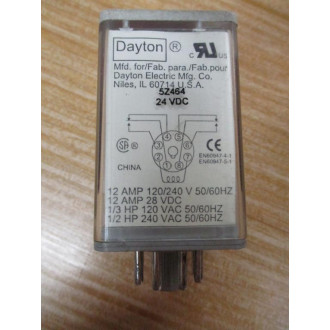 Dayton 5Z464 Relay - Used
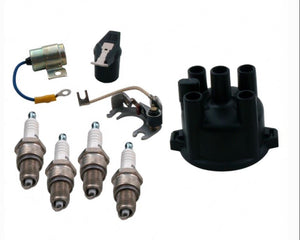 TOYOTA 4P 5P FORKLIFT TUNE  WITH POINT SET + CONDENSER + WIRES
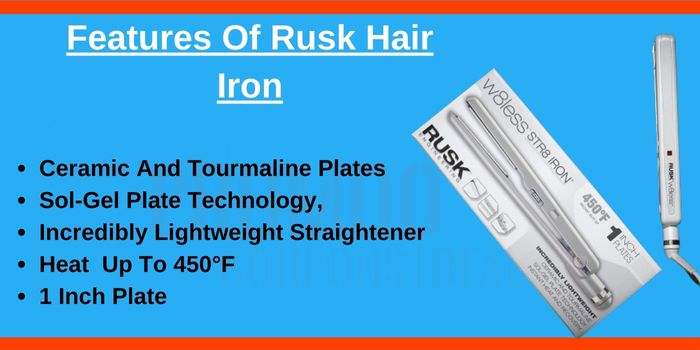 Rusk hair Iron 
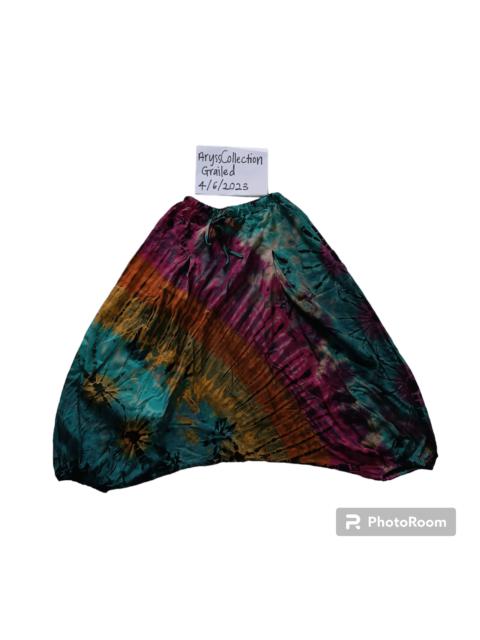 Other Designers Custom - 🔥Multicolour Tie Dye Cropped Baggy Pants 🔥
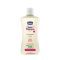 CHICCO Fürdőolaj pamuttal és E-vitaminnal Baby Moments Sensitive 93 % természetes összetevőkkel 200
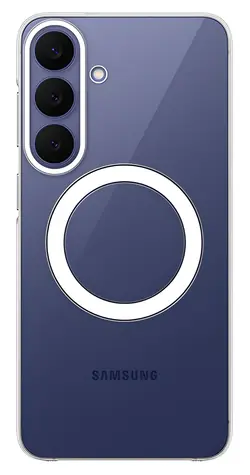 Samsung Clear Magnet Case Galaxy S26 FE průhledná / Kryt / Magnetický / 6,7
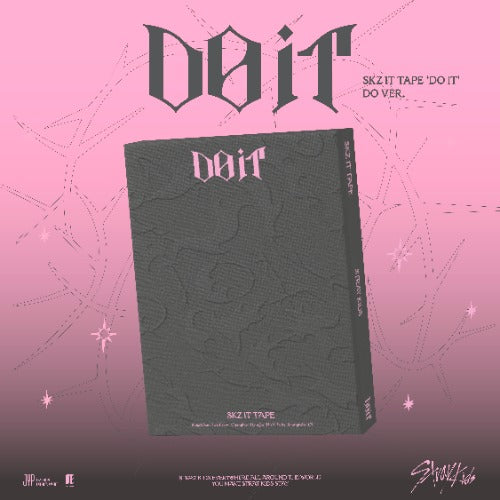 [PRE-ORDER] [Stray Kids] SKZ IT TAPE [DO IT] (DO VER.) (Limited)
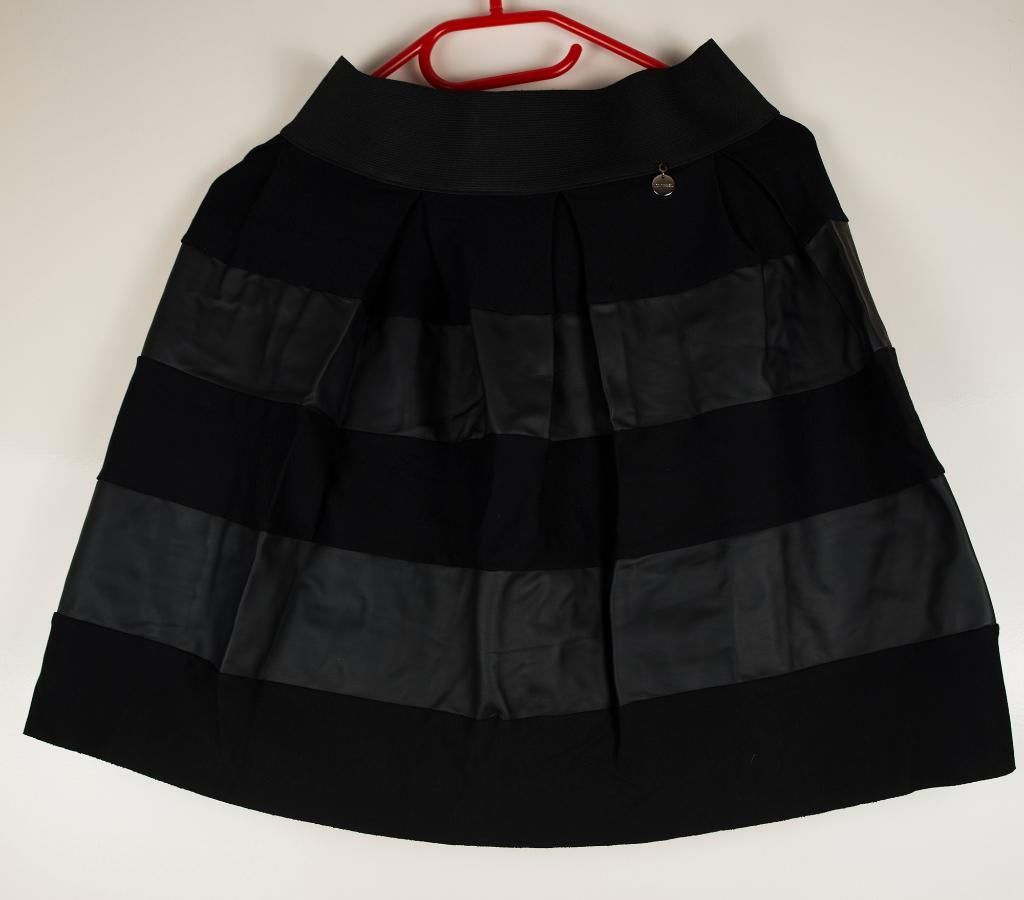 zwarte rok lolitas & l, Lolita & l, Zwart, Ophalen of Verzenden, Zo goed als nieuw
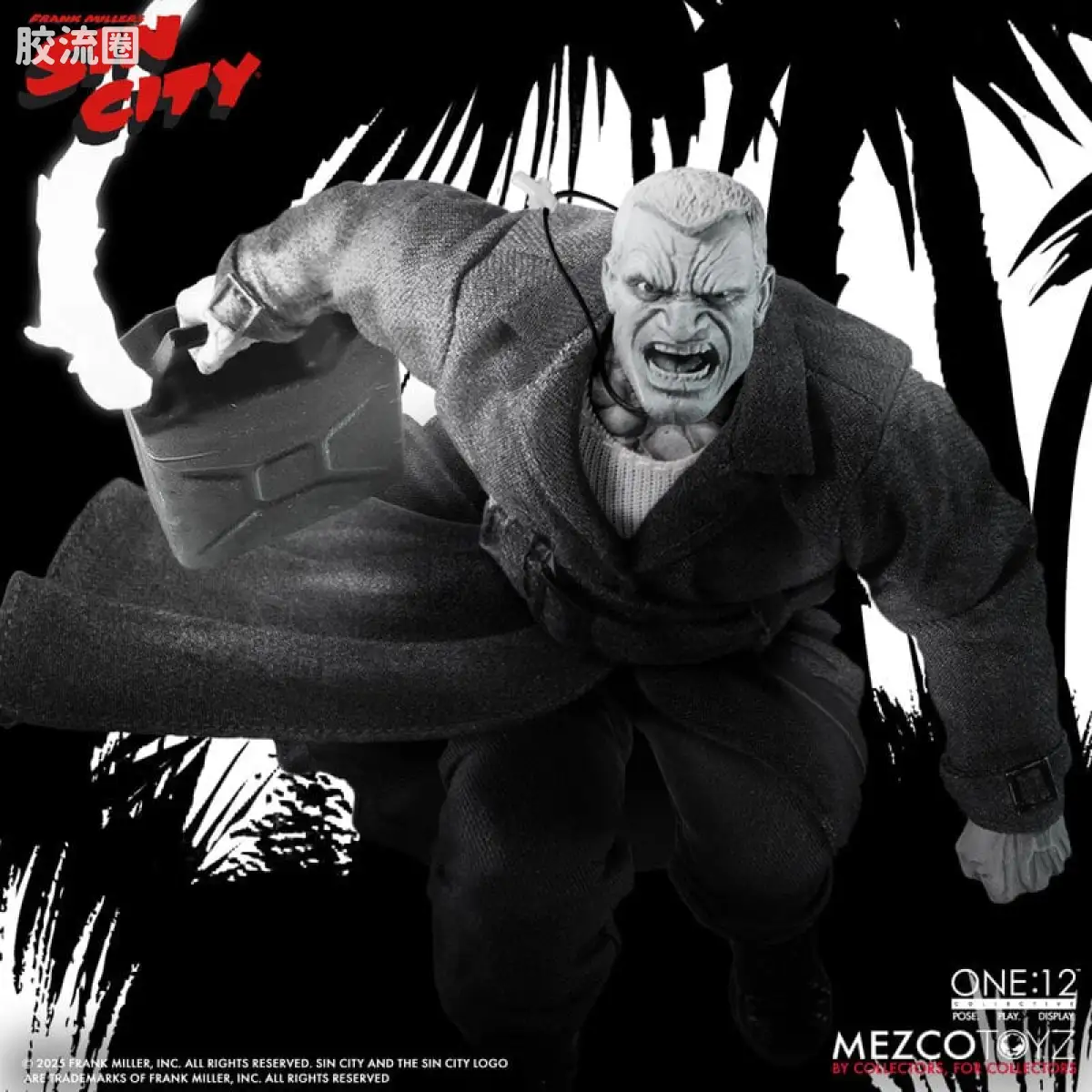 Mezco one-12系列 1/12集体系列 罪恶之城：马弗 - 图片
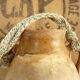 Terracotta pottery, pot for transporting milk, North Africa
* * *
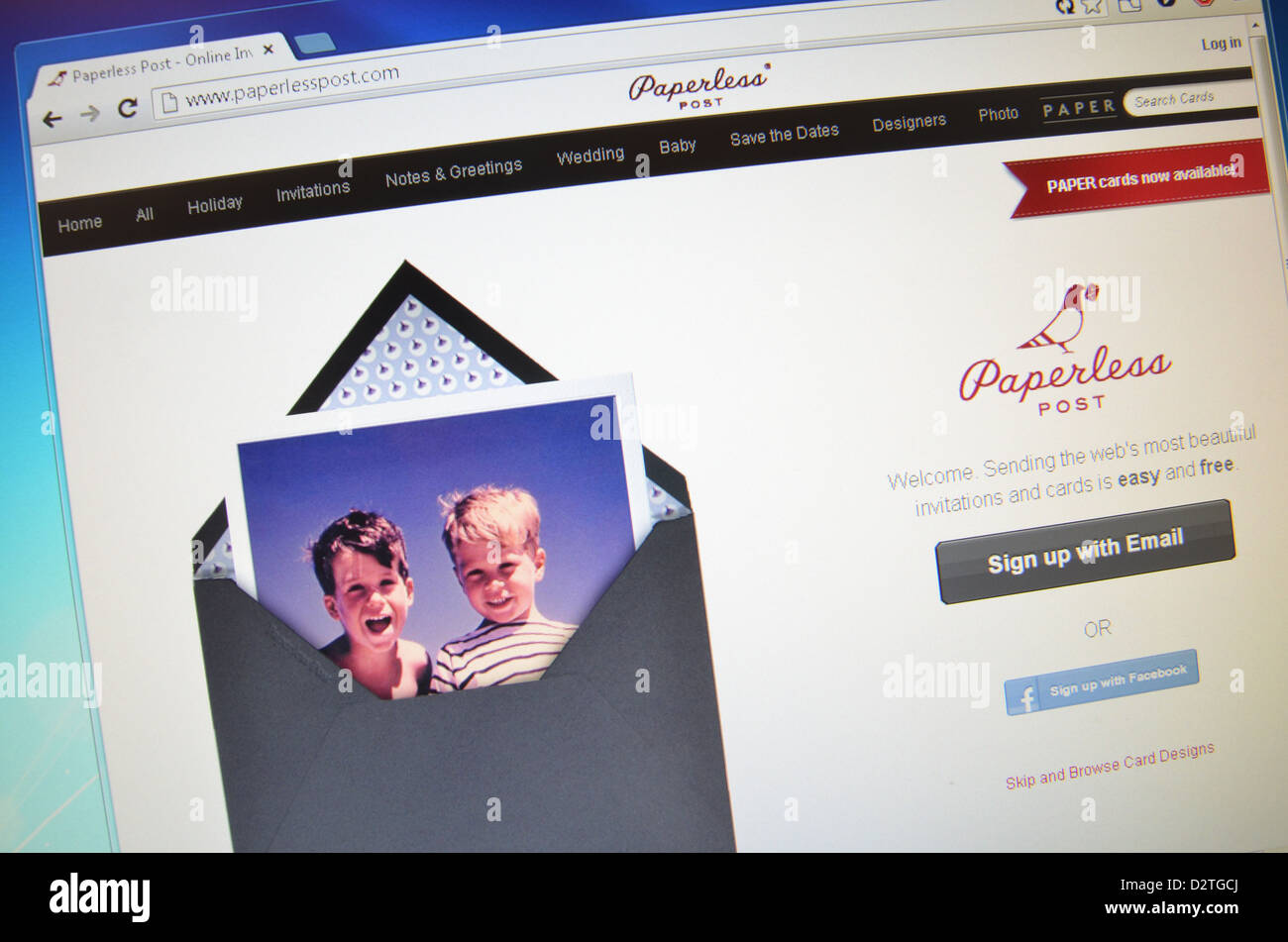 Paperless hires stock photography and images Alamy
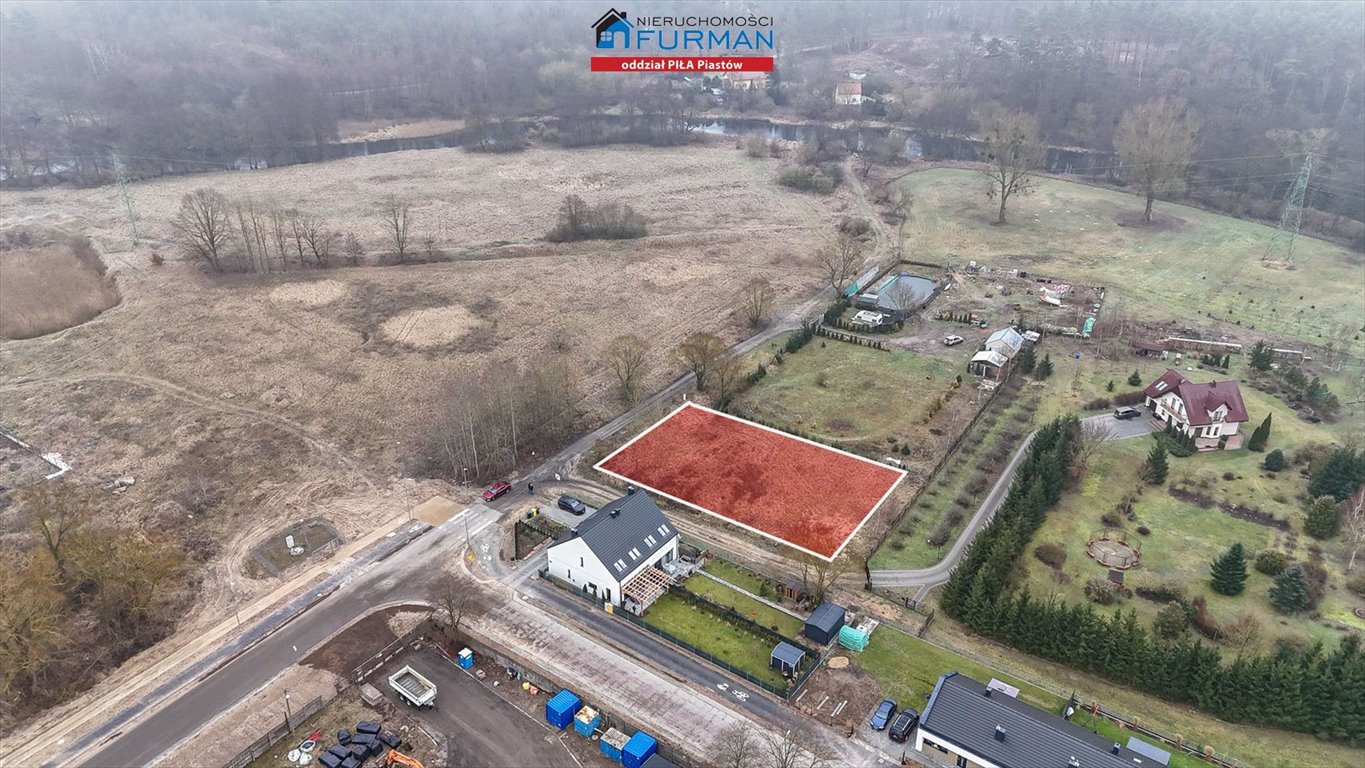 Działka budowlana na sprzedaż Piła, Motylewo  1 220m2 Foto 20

**Problem details**
Transcribe, from the material above, the stretch starting at the line with "Dayton 5Z464 Relay - Used" and ending at the line with "Terracotta pottery, pot", both included, exactly. Do not carry over pictures.

**Response to the task**
 Dayton 5Z464 Relay - Used
 TOYOTA 4P 5P FORKLIFT TUNE  WITH POINT SET + CONDENSER + WIRES
 Rusk hair Iron 
 Other Designers Custom - 🔥Multicolour Tie Dye Cropped Baggy Pants 🔥
 CHICCO Fürdőolaj pamuttal és E-vitaminnal Baby Moments Sensitive 93 % természetes összetevőkkel 200
 Samsung Clear Magnet Case Galaxy S26 FE průhledná / Kryt / Magnetický / 6,7
 [PRE-ORDER] [Stray Kids] SKZ IT TAPE [DO IT] (DO VER.) (Limited)
 zwarte rok lolitas & l, Lolita & l, Zwart, Ophalen of Verzenden, Zo goed als nieuw
 Mezco one-12系列 1/12集体系列 罪恶之城：马弗 - 图片
 Terracotta pottery, pot for transporting milk, North Africa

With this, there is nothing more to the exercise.